What is its EROEI? Those letters stand for energy return on energy invested—tat for tit, you might say. Per Wikipedia’s summary here, a 1984 study put EROEI to between .7 and 13.3. Royal Dutch Shell’s research program, using electrical heating of the sort used in in situ operations, suggested 3 to 4. Conventional oil extraction yields 5 units for every unit expended. It isn’t clear whether these ratios include secondary refining processes like hydrogenation and desulfurization. Probably not.
Another source (here) cites recent studies of low EROEI for surface processing, less than 1.5 out for 1 unit of energy expended (2006, 2007) and 1.9 to 2.5 for in situ (2007). Canadian experience in tar sands processing is 2 to 4, but tar sands are easier to handle and less energy-intensive.

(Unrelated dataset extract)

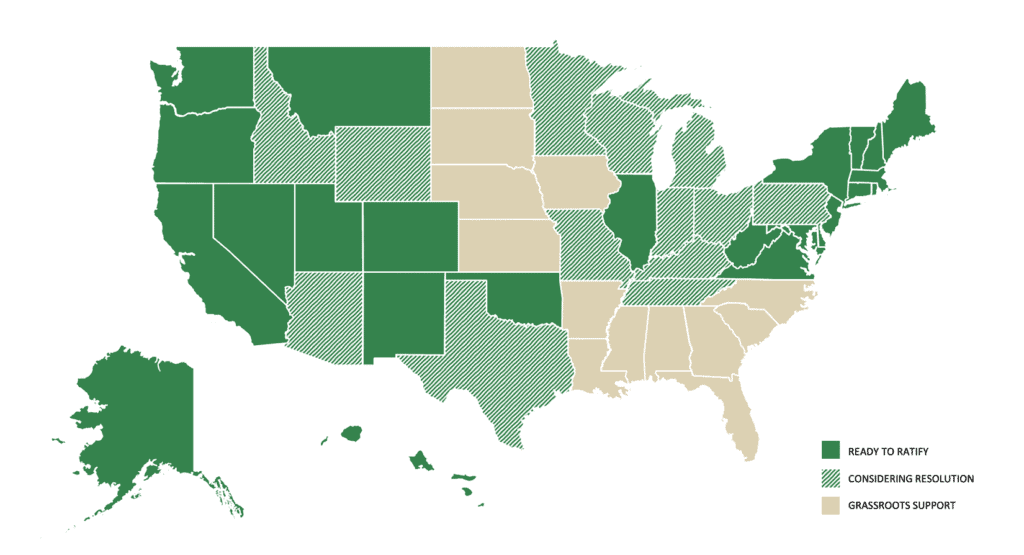 Map of the U.S. showing 24 states that are ready to formally call on Congress to propose a constitutional amendment restoring the authority of Congress and the states to set election-spending rules. An additional 13 states are considering resolutions.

The sand kernel is surrounded by water; the wet kernel is then surrounded by bituminous oil. Separating oil from water takes less energy than separating oil directly adhering to a mineral substrate.
Worth noting here is that, economics aside, a positive EROEI is all that is required. The return on crude is also dropping. It used to be 100 for 1. Now it is 5 or thereabouts—3 in the United States and 10 in Saudi Arabia. But, for these very reasons, some people doubt claims of 3 to 4 for shale—arguing that, in that case, shale would already be a booming business. But economics may not be put aside—and may explain the lack of a shale bubble now or in the near-term.
What are the Problems? Surface processing lowers yields and increases costs. Mining of large masses of rock from significant depth is required. The rock must be crushed. The heat process is pyrolysis, thus heating in the absence of oxygen, thus in tight containers. Waste containment (the residues are high in Arsenic) and disposal is a requirement. Water use is 2 to 10 gallons per ton of oil shale processed according to the Bureau of Land Management in surface extraction mining and retorting operations.
In situ processes required long lead times (that 2-year pre-heat period). Groundwater contamination is a serious problem.
Massive capital requirements are involved with, at present, not altogether predictable results. Publicly-owned, operated development is unimaginable in our political environment, and private money will stay away from this one until somebody else besides Estonia proves it to be big and very profitable. When that time comes our Lords of Industry will wrap themselves in white robes, bind their heads in white scarves, and head for the water spots in the Med. But I’m not holding my breath.
And now a footnote on problems. Here is the concluding paragraph of a brief EIA paper on the subject. Read this remembering that the very best deposits in the U.S. are on Colorado Federal lands:
In addition, current regulations of the U.S. Bureau of Land Management require that any mineral production activity on leased Federal lands also produce any secondary minerals found in the same deposit. On Federal oil shale lands, deposits of nahcolite (a naturally occurring form of sodium bicarbonate, or baking soda) are intermixed with the oil shales. Relative to oil and other petroleum products, nahcolite is a low-value commodity, and its price would fall even further if its production increased significantly. Thus, co-production of nahcolite could increase the cost of producing oil shale significantly, while providing little revenue in return.